What is a caveat?
A caveat is a written notice that is lodged with the Probate Registry.
Having filed one, the Court is unable to make a grant of probate (a key step in the probate process) without first telling the person who makes it (known as the caveator) and allowing him or her to make a representation as to why probate should not be granted.
When is a caveat used?
A caveat is used to give someone time to gather supporting evidence to be able to make the case as to why a grant of probate should be made.
For example, you might submit one if you believe that a will is not valid or that the executors should not be the people to administer the estate.
This might be the case if:
- the will is not the last one made
- the person who made the will was not sound of mind (lacked mental capacity)
- the will was signed under duress
- two or more of the nominated executors dispute which of them should be appointed
- In other words, submitting a caveat buys time before an estate can be distributed.
Be aware that if the executors do challenge your caveat (by issuing what is called a warning) you should have a valid reason for having entered it. If not, the executors might start contentious probate proceedings against you, which could result in an order for costs being made against you by the Probate Registry.
Entering a caveat
Any person over the age of 18 may submit a caveat, either personally or through a solicitor.
The form to submit is the PA8A form. It can be downloaded from Gov.UK.
It is important that the deceased person is properly identified so that the grant against his or her name is prevented from being made. The information that should be given should be the same as on the death certificate, including the last permanent address.

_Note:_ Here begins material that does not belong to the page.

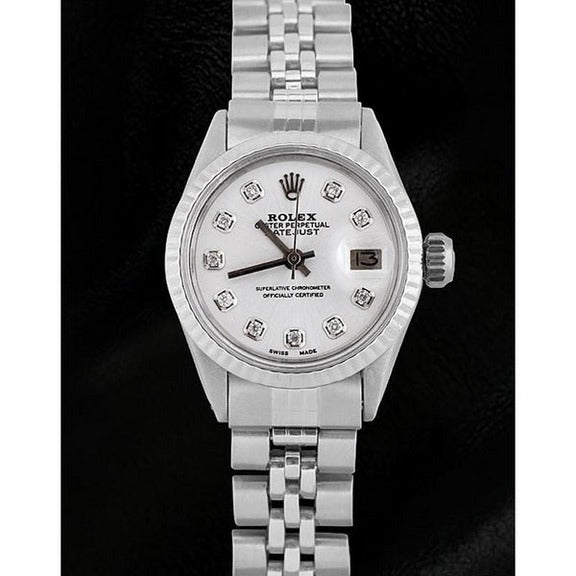 Orologio Rolex Datejust da donna in acciaio inossidabile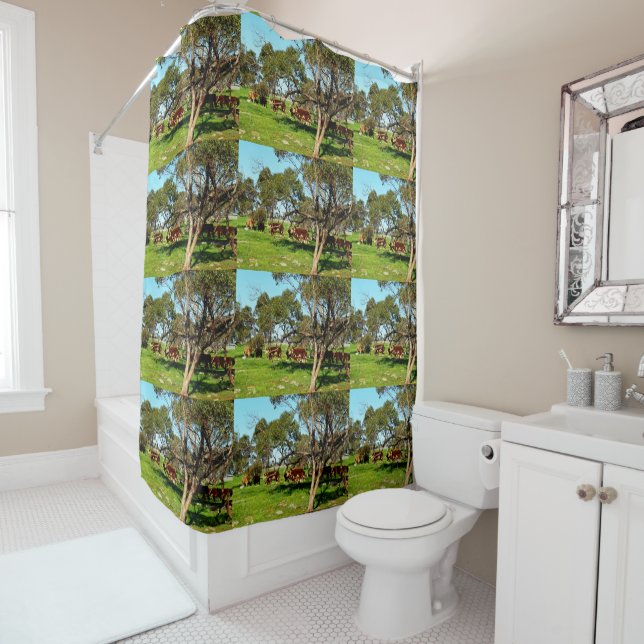 Cows On The Range, Shower Curtain (In Situ)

The form should be posted to the Probate Registry (by registered post to ensure that it arrives) or given in person. In addition, a fee is payable (by cheque).
It is obviously better to enter one as soon as possible after the death.
After the caveat has been entered
A caveat remains in place for six months from the date it is entered. It can be extended for a further six months for a fee. It can also be removed at any time by writing to the Registry.
When the executors apply for a grant of probate, they will be told that the caveat is in place, and who the caveator is.
Executors are recommended to contact the caveator to resolve the issue and have the caveat removed.
If an executor does issue a warning to start the process of removal, then the caveat may be defended by submitting what is known as an appearance.